The model is not a security boundary. Prompt guardrails are soft and bypassable - an injection, a jailbreak, or a hallucination can produce a tool call that should have been blocked. The only reliable place to enforce what an agent is allowed to do is outside the model, at a deterministic intercept that every tool call must traverse. The intercept must reason about the call (who is making it, what tool, what arguments, what tier, what budget remains) and decide before the side effect happens.
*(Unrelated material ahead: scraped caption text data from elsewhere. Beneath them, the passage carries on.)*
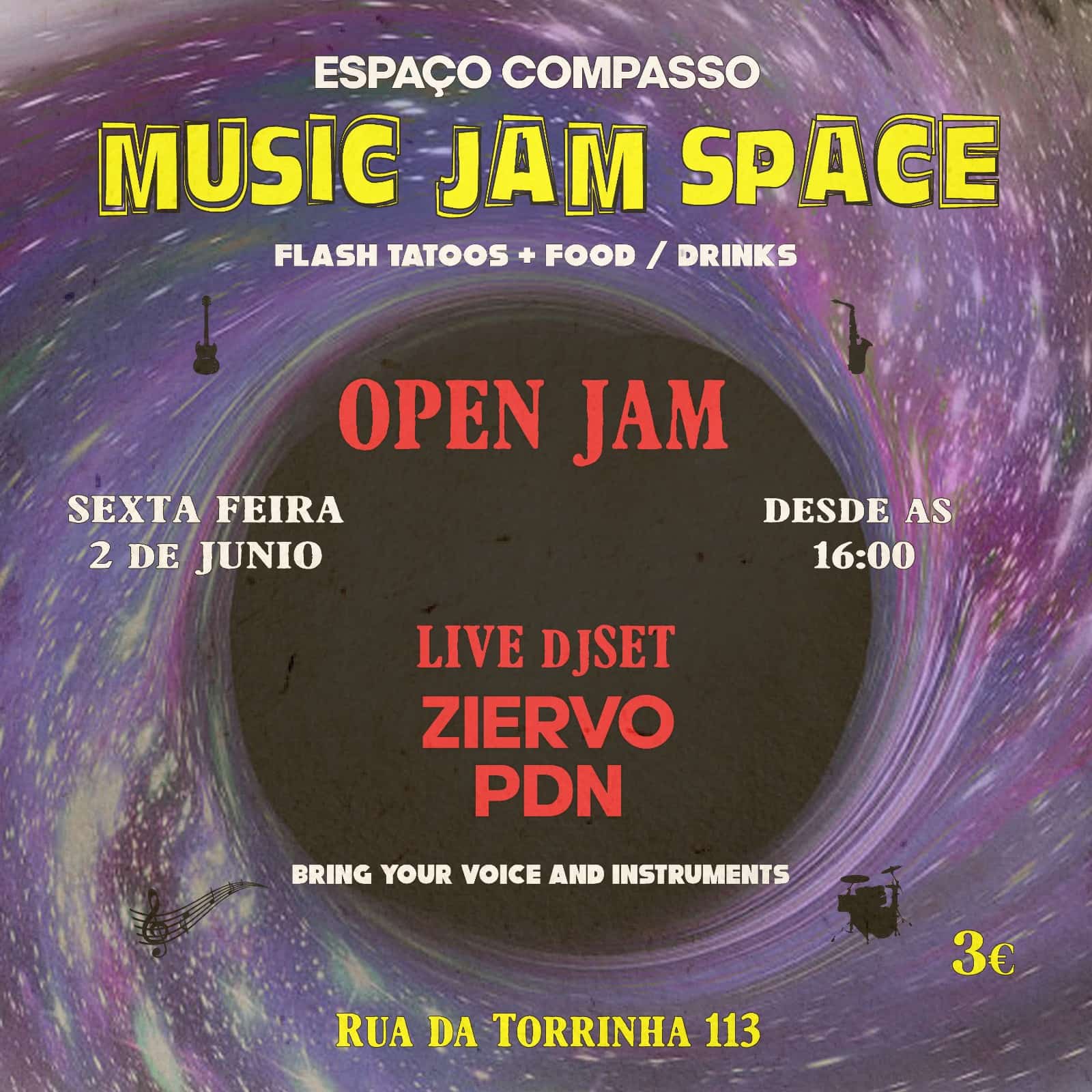 OPEN MUSIC JAM - OPEN MIC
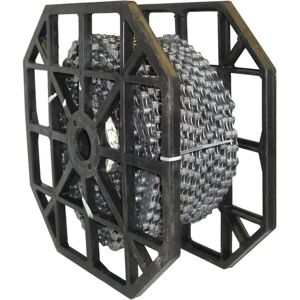 KMC Z8.3 Bicycle Chain - 50m, Gray, 8-Speed Compatible KMC Z8.3 Bicycle Chain - 50m, Gray, 8-Speed Compatible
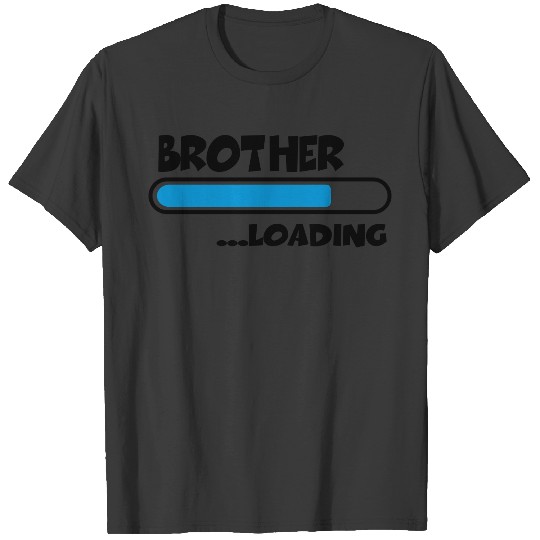Brother loading T-shirt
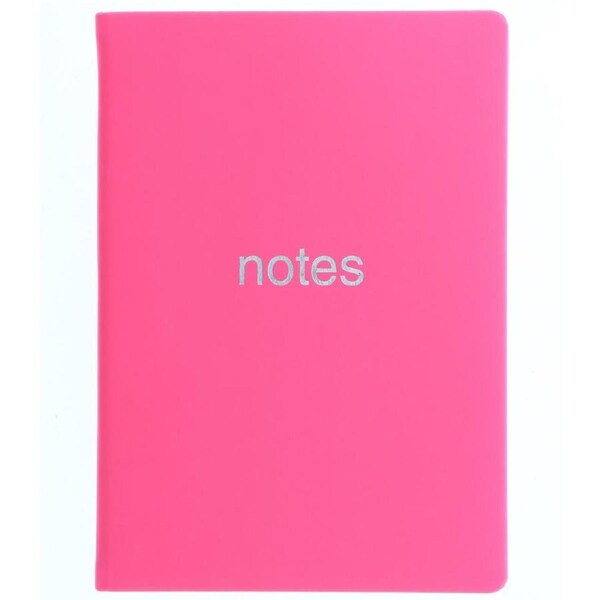 Letts Dazzle A5 Writing Journal Notebook Pink Colour Home Office Stationery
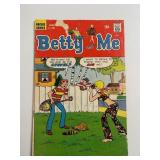1970 Betty and Me #28 Comic Book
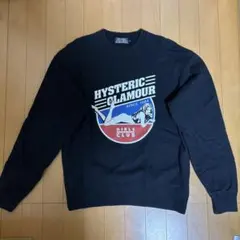 HYSTERIC GLAMOUR ブラック スウェット M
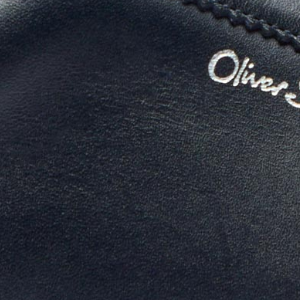 Closeup of Leather upper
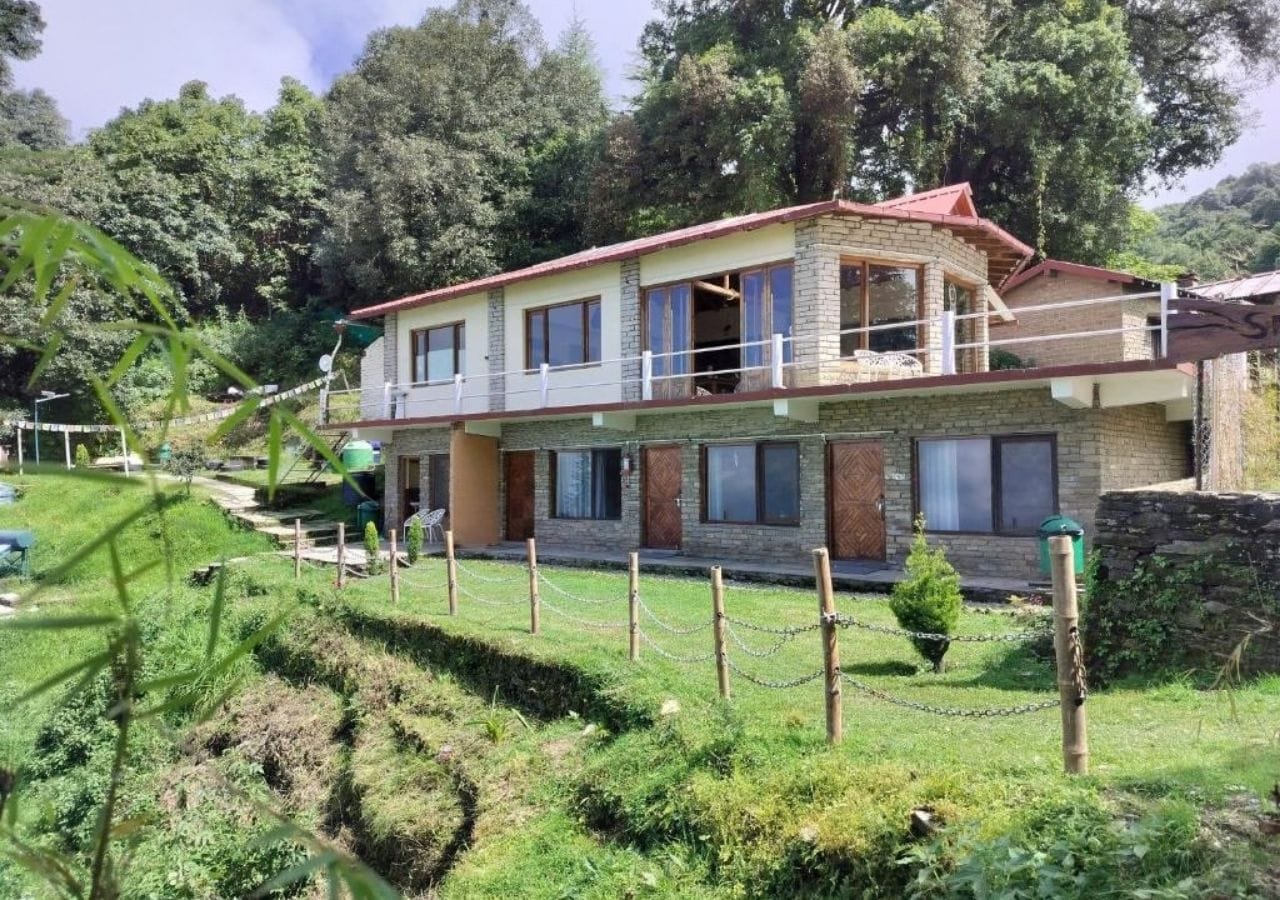 Simba Jungle Lodge, Binsar Wildlife Sanctuary - Tap to explore photos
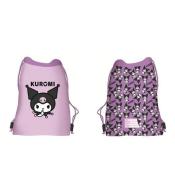 Worek na obuwie Kuromi violet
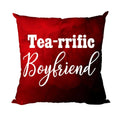 Cushion Cover Terrific Boyfriend - Personalised Valentine Gift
Application-level allowlists fail because they assume the application enforces them: a compromised or misconfigured runtime can bypass them entirely, and an operator-driven config change can quietly widen the allowlist with no audit trail. Network rules fail because they cannot reason about call semantics - they see hosts and ports, not "transfer $50,000 from account X to account Y." Policy enforced in the prompt fails the first time the prompt is overwritten by instruction-channel content. RBAC alone fails because role assignment is too coarse to express the obligation context (HITL needed, signing needed, redaction needed) that high-impact actions require.

C05 reduces risk by placing deterministic enforcement at the tool boundary, where every side effect must pass through, and producing an immutable policy decision record per call. The decision record is the foundational evidence artifact for conformance: every other audit, replay, and incident-response capability in GATE depends on it being complete and tamper-evident.

What

A Tool Gateway implemented as a logical intercept that every tool call traverses before the side effect happens. On each call, the gateway:

  1. Authenticates the agent identity (via C01) and verifies the claim set against the registered ABOM.
  2. Validates the request payload against the registered tool schema.
  3. Evaluates policy-as-code (allow / deny / obligate / transform / quarantine) over context: identity claims, tool risk class, tenant, ORM score, prior call history, time window.
  4. Applies budgets and rate limits (C07).
  5. Evaluates invariants alongside policy (C09) - invariants can deny even when policy allows.
  6. Enforces attached obligations (HITL, signing, redaction) before forwarding the call.
  7. Signs and commits the policy decision record to the audit ledger (C11 / C12).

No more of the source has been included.